• _Data_
^^^^

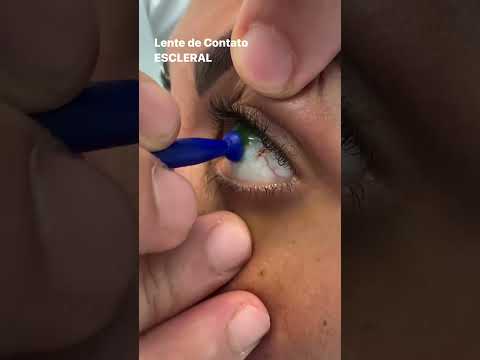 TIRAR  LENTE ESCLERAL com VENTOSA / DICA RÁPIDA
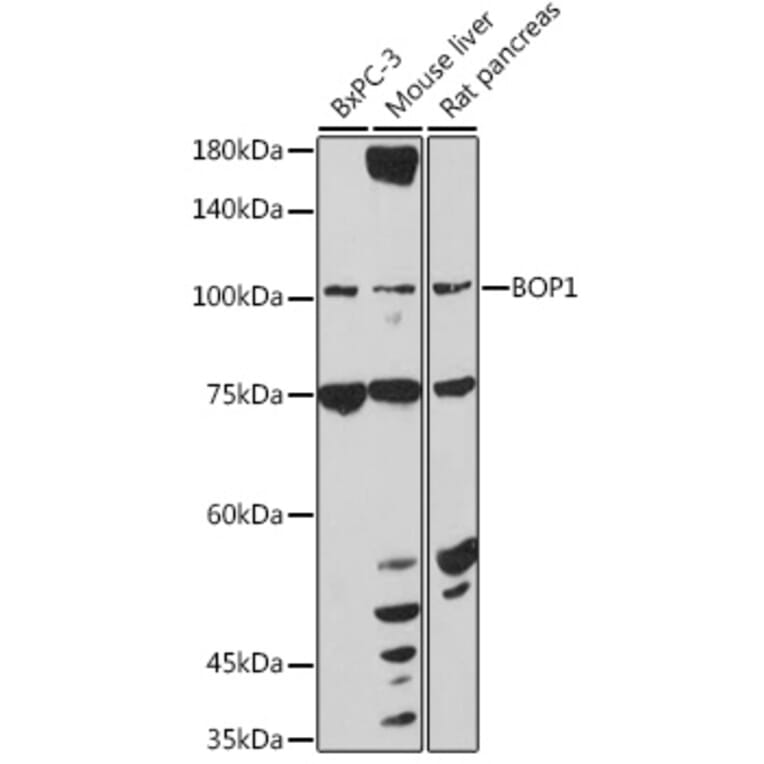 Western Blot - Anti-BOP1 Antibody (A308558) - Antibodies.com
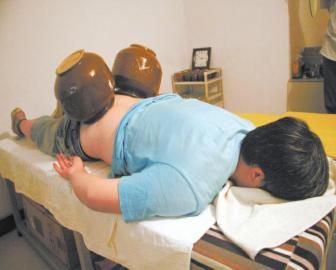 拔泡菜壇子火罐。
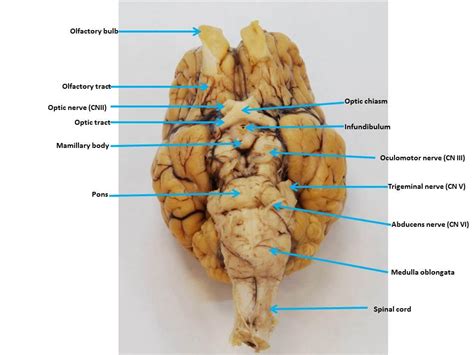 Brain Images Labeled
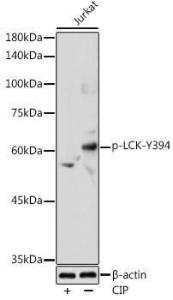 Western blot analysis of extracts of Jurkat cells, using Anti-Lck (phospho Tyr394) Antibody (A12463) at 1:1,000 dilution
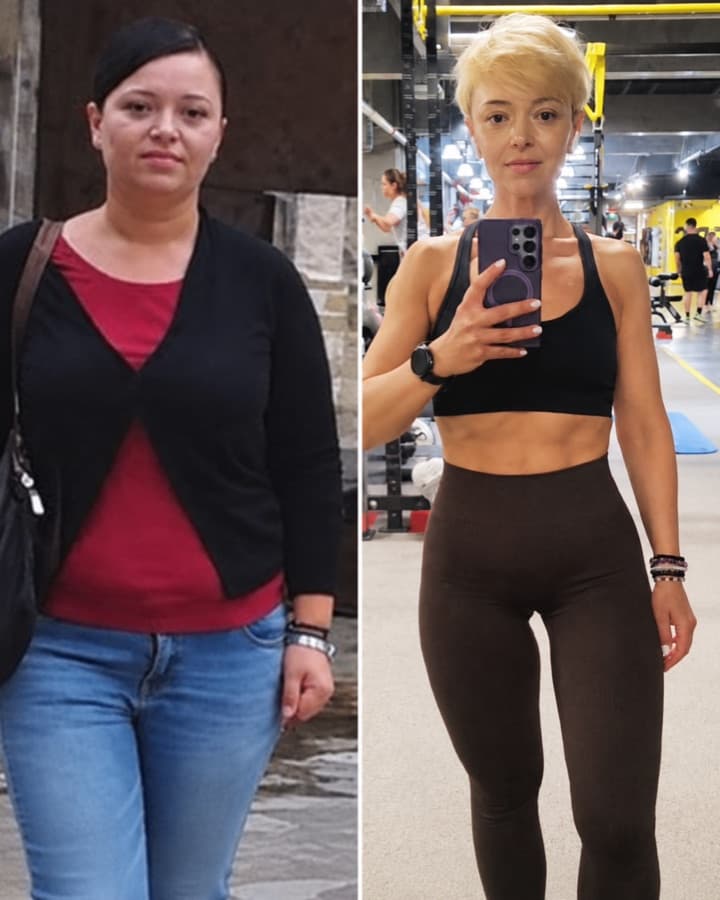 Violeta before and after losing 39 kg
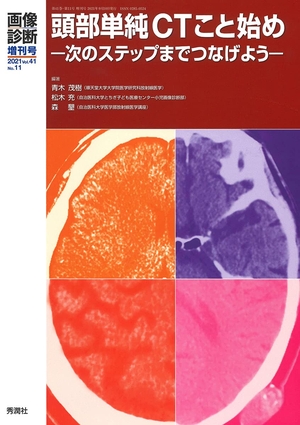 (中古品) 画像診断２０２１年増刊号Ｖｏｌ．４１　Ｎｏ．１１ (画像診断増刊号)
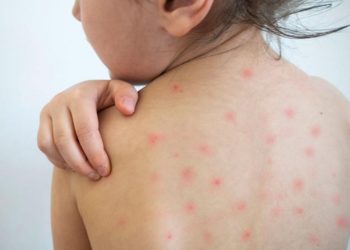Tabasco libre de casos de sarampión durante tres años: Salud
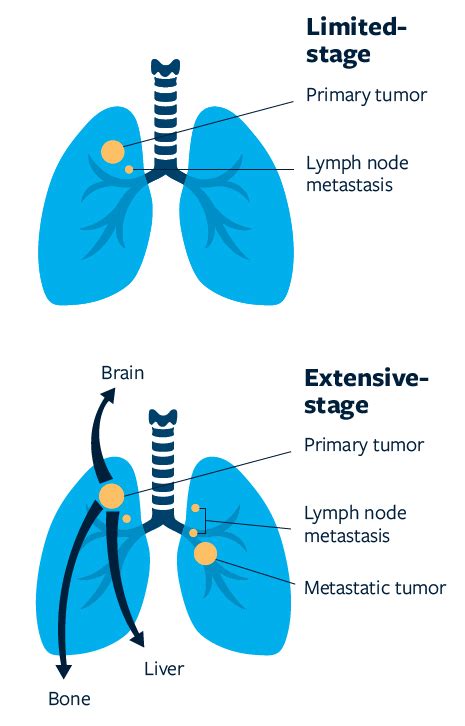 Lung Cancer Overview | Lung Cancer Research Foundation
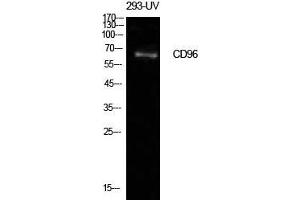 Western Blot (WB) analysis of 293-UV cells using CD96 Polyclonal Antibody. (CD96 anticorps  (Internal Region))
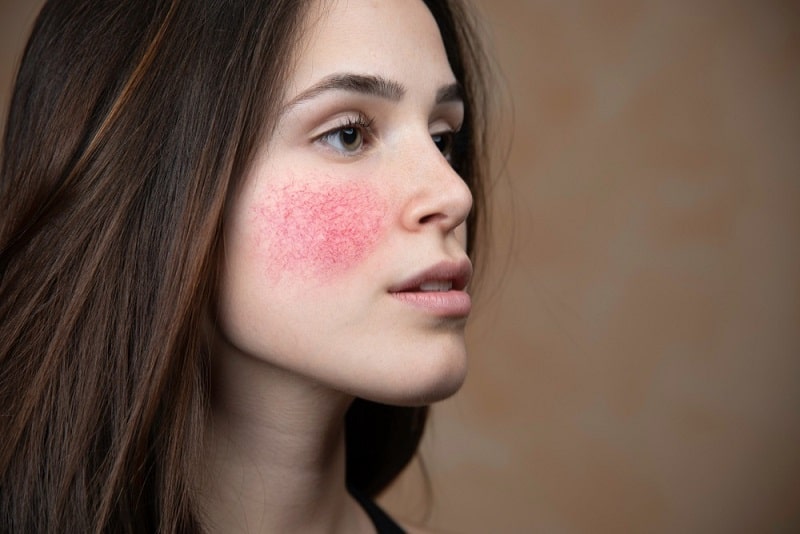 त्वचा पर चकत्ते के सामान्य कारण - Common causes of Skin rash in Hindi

^^^^

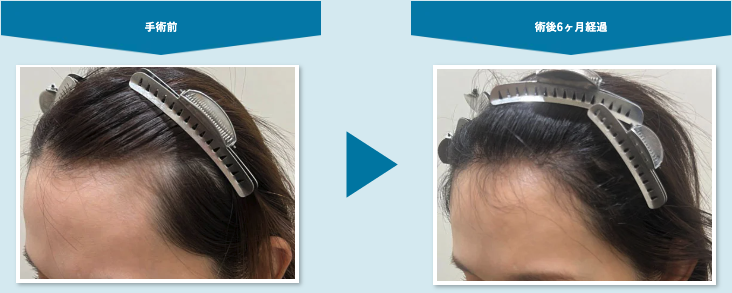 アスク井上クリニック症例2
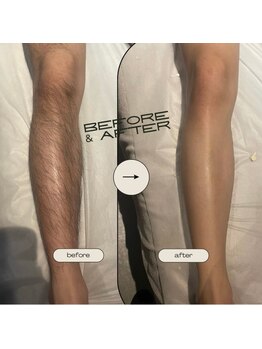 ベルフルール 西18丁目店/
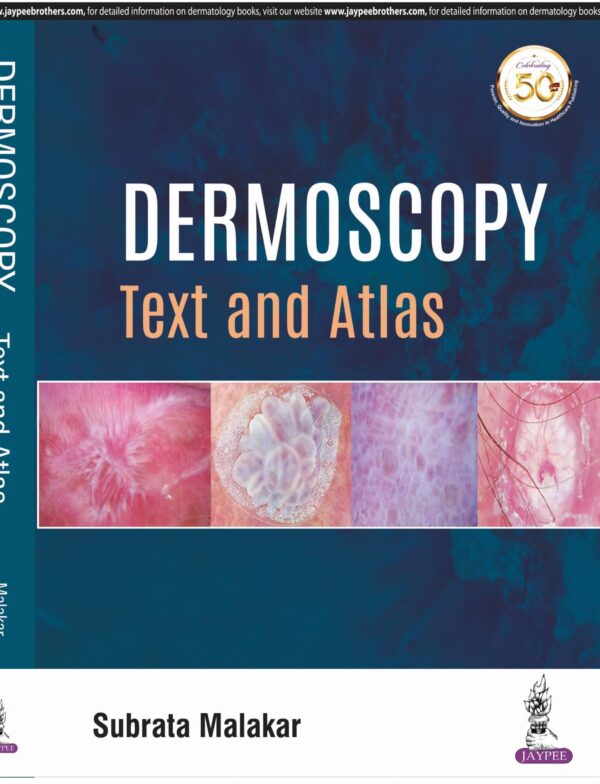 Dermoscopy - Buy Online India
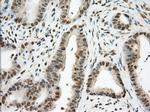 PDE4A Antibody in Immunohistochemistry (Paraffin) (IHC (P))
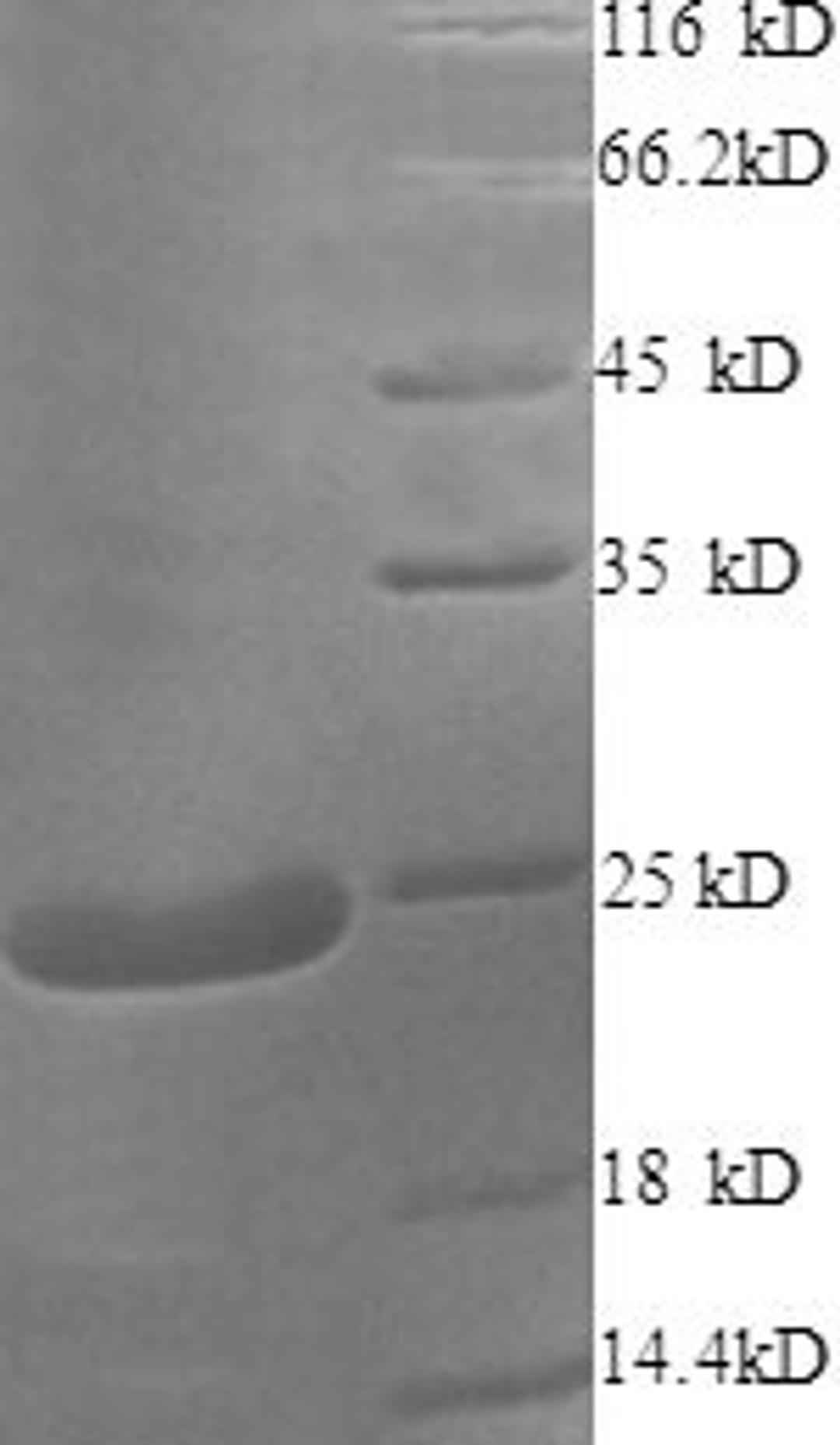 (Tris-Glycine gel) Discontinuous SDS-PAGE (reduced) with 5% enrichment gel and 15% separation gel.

^^^^

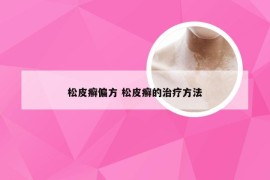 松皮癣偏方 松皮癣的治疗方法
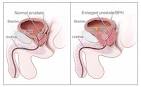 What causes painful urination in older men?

^^^^

• _What you have to do_
In the records above, everything from the line with "VENTOSA / DICA RÁPIDA" down to the line with "त्वचा पर चकत्ते" must be duplicated exactly, both lines kept. Leave no pictures in.

• _Written answer_
 TIRAR  LENTE ESCLERAL com VENTOSA / DICA RÁPIDA
 Western Blot - Anti-BOP1 Antibody (A308558) - Antibodies.com
 拔泡菜壇子火罐。
 Brain Images Labeled
 Western blot analysis of extracts of Jurkat cells, using Anti-Lck (phospho Tyr394) Antibody (A12463) at 1:1,000 dilution
 Violeta before and after losing 39 kg
 (中古品) 画像診断２０２１年増刊号Ｖｏｌ．４１　Ｎｏ．１１ (画像診断増刊号)
Tabasco libre de casos de sarampión durante tres años: Salud
 Lung Cancer Overview | Lung Cancer Research Foundation
 Western Blot (WB) analysis of 293-UV cells using CD96 Polyclonal Antibody. (CD96 anticorps  (Internal Region))
 त्वचा पर चकत्ते के सामान्य कारण - Common causes of Skin rash in Hindi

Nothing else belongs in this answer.